(Short web captions)

########

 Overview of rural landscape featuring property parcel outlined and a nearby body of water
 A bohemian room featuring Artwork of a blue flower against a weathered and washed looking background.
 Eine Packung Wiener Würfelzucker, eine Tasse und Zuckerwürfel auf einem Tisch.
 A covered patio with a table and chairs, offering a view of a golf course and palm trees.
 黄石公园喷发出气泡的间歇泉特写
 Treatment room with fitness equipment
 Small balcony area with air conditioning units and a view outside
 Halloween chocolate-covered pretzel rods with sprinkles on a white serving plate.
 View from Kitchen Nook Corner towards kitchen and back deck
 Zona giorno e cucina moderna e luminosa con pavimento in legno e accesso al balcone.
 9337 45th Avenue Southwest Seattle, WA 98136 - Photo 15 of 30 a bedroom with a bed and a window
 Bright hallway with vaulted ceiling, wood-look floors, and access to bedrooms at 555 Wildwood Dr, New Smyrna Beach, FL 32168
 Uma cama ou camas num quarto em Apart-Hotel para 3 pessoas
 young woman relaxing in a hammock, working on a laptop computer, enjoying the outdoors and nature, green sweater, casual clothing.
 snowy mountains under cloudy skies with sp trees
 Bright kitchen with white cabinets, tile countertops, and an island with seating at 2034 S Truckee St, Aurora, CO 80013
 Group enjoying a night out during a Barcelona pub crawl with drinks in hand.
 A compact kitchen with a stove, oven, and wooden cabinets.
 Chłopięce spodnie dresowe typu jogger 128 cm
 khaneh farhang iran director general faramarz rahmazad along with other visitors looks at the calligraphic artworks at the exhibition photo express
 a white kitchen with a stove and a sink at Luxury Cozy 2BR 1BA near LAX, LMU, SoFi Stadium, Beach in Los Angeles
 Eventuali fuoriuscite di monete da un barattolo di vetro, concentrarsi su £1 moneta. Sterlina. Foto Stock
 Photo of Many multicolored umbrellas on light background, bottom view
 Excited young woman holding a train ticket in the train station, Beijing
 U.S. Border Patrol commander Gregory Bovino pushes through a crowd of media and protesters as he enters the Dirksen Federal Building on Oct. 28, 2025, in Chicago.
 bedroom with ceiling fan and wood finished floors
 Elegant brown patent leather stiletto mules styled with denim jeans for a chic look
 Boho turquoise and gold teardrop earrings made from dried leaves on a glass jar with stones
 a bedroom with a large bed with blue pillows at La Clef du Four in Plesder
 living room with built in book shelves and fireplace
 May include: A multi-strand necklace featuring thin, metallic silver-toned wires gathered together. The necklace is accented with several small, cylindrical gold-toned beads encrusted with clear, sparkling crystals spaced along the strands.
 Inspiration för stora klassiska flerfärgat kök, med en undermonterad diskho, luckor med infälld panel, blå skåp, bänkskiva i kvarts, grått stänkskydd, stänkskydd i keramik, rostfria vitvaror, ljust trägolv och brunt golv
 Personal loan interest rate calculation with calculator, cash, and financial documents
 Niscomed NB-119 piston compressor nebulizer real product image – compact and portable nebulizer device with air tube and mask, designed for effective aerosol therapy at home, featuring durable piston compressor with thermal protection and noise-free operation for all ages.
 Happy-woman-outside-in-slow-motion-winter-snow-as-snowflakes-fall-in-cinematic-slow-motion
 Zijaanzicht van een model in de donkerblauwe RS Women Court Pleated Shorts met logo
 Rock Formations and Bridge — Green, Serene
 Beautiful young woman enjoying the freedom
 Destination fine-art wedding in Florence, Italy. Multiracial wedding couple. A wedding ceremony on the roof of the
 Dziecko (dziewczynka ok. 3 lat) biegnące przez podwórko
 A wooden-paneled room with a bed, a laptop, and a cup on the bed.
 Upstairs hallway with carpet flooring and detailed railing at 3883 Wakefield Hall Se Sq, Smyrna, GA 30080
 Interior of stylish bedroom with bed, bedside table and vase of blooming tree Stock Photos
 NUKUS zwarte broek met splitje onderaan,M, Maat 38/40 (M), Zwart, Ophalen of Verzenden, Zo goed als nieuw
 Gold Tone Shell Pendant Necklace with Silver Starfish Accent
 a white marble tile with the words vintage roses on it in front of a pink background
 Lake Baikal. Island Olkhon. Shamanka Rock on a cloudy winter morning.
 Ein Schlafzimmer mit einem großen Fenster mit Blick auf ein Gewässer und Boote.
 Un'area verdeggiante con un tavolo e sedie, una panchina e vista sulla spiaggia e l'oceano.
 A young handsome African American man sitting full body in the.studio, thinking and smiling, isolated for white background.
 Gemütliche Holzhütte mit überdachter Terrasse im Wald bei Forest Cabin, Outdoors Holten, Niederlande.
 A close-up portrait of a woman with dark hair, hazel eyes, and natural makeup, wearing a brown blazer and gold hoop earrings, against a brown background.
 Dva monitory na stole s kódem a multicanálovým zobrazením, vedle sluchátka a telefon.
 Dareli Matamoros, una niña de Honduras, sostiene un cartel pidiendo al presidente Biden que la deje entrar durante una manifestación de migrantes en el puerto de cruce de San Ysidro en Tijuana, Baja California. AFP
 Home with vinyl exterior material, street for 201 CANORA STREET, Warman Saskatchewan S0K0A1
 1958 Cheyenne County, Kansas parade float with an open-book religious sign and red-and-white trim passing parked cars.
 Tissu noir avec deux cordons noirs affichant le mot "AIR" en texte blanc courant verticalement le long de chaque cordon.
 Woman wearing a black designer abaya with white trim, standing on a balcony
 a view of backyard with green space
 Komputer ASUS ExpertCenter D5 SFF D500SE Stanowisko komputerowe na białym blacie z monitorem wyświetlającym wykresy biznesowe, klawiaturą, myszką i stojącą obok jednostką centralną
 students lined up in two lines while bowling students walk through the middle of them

########

### [ASSIGNMENT]
Copy every record above exactly as it stands.

### [ANSWER TO THIS TASK]
 Overview of rural landscape featuring property parcel outlined and a nearby body of water
 A bohemian room featuring Artwork of a blue flower against a weathered and washed looking background.
 Eine Packung Wiener Würfelzucker, eine Tasse und Zuckerwürfel auf einem Tisch.
 A covered patio with a table and chairs, offering a view of a golf course and palm trees.
 黄石公园喷发出气泡的间歇泉特写
 Treatment room with fitness equipment
 Small balcony area with air conditioning units and a view outside
 Halloween chocolate-covered pretzel rods with sprinkles on a white serving plate.
 View from Kitchen Nook Corner towards kitchen and back deck
 Zona giorno e cucina moderna e luminosa con pavimento in legno e accesso al balcone.
 9337 45th Avenue Southwest Seattle, WA 98136 - Photo 15 of 30 a bedroom with a bed and a window
 Bright hallway with vaulted ceiling, wood-look floors, and access to bedrooms at 555 Wildwood Dr, New Smyrna Beach, FL 32168
 Uma cama ou camas num quarto em Apart-Hotel para 3 pessoas
 young woman relaxing in a hammock, working on a laptop computer, enjoying the outdoors and nature, green sweater, casual clothing.
 snowy mountains under cloudy skies with sp trees
 Bright kitchen with white cabinets, tile countertops, and an island with seating at 2034 S Truckee St, Aurora, CO 80013
 Group enjoying a night out during a Barcelona pub crawl with drinks in hand.
 A compact kitchen with a stove, oven, and wooden cabinets.
 Chłopięce spodnie dresowe typu jogger 128 cm
 khaneh farhang iran director general faramarz rahmazad along with other visitors looks at the calligraphic artworks at the exhibition photo express
 a white kitchen with a stove and a sink at Luxury Cozy 2BR 1BA near LAX, LMU, SoFi Stadium, Beach in Los Angeles
 Eventuali fuoriuscite di monete da un barattolo di vetro, concentrarsi su £1 moneta. Sterlina. Foto Stock
 Photo of Many multicolored umbrellas on light background, bottom view
 Excited young woman holding a train ticket in the train station, Beijing
 U.S. Border Patrol commander Gregory Bovino pushes through a crowd of media and protesters as he enters the Dirksen Federal Building on Oct. 28, 2025, in Chicago.
 bedroom with ceiling fan and wood finished floors
 Elegant brown patent leather stiletto mules styled with denim jeans for a chic look
 Boho turquoise and gold teardrop earrings made from dried leaves on a glass jar with stones
 a bedroom with a large bed with blue pillows at La Clef du Four in Plesder
 living room with built in book shelves and fireplace
 May include: A multi-strand necklace featuring thin, metallic silver-toned wires gathered together. The necklace is accented with several small, cylindrical gold-toned beads encrusted with clear, sparkling crystals spaced along the strands.
 Inspiration för stora klassiska flerfärgat kök, med en undermonterad diskho, luckor med infälld panel, blå skåp, bänkskiva i kvarts, grått stänkskydd, stänkskydd i keramik, rostfria vitvaror, ljust trägolv och brunt golv
 Personal loan interest rate calculation with calculator, cash, and financial documents
 Niscomed NB-119 piston compressor nebulizer real product image – compact and portable nebulizer device with air tube and mask, designed for effective aerosol therapy at home, featuring durable piston compressor with thermal protection and noise-free operation for all ages.
 Happy-woman-outside-in-slow-motion-winter-snow-as-snowflakes-fall-in-cinematic-slow-motion
 Zijaanzicht van een model in de donkerblauwe RS Women Court Pleated Shorts met logo
 Rock Formations and Bridge — Green, Serene
 Beautiful young woman enjoying the freedom
 Destination fine-art wedding in Florence, Italy. Multiracial wedding couple. A wedding ceremony on the roof of the
 Dziecko (dziewczynka ok. 3 lat) biegnące przez podwórko
 A wooden-paneled room with a bed, a laptop, and a cup on the bed.
 Upstairs hallway with carpet flooring and detailed railing at 3883 Wakefield Hall Se Sq, Smyrna, GA 30080
 Interior of stylish bedroom with bed, bedside table and vase of blooming tree Stock Photos
 NUKUS zwarte broek met splitje onderaan,M, Maat 38/40 (M), Zwart, Ophalen of Verzenden, Zo goed als nieuw
 Gold Tone Shell Pendant Necklace with Silver Starfish Accent
 a white marble tile with the words vintage roses on it in front of a pink background
 Lake Baikal. Island Olkhon. Shamanka Rock on a cloudy winter morning.
 Ein Schlafzimmer mit einem großen Fenster mit Blick auf ein Gewässer und Boote.
 Un'area verdeggiante con un tavolo e sedie, una panchina e vista sulla spiaggia e l'oceano.
 A young handsome African American man sitting full body in the.studio, thinking and smiling, isolated for white background.
 Gemütliche Holzhütte mit überdachter Terrasse im Wald bei Forest Cabin, Outdoors Holten, Niederlande.
 A close-up portrait of a woman with dark hair, hazel eyes, and natural makeup, wearing a brown blazer and gold hoop earrings, against a brown background.
 Dva monitory na stole s kódem a multicanálovým zobrazením, vedle sluchátka a telefon.
 Dareli Matamoros, una niña de Honduras, sostiene un cartel pidiendo al presidente Biden que la deje entrar durante una manifestación de migrantes en el puerto de cruce de San Ysidro en Tijuana, Baja California. AFP
 Home with vinyl exterior material, street for 201 CANORA STREET, Warman Saskatchewan S0K0A1
 1958 Cheyenne County, Kansas parade float with an open-book religious sign and red-and-white trim passing parked cars.
 Tissu noir avec deux cordons noirs affichant le mot "AIR" en texte blanc courant verticalement le long de chaque cordon.
 Woman wearing a black designer abaya with white trim, standing on a balcony
 a view of backyard with green space
 Komputer ASUS ExpertCenter D5 SFF D500SE Stanowisko komputerowe na białym blacie z monitorem wyświetlającym wykresy biznesowe, klawiaturą, myszką i stojącą obok jednostką centralną
 students lined up in two lines while bowling students walk through the middle of them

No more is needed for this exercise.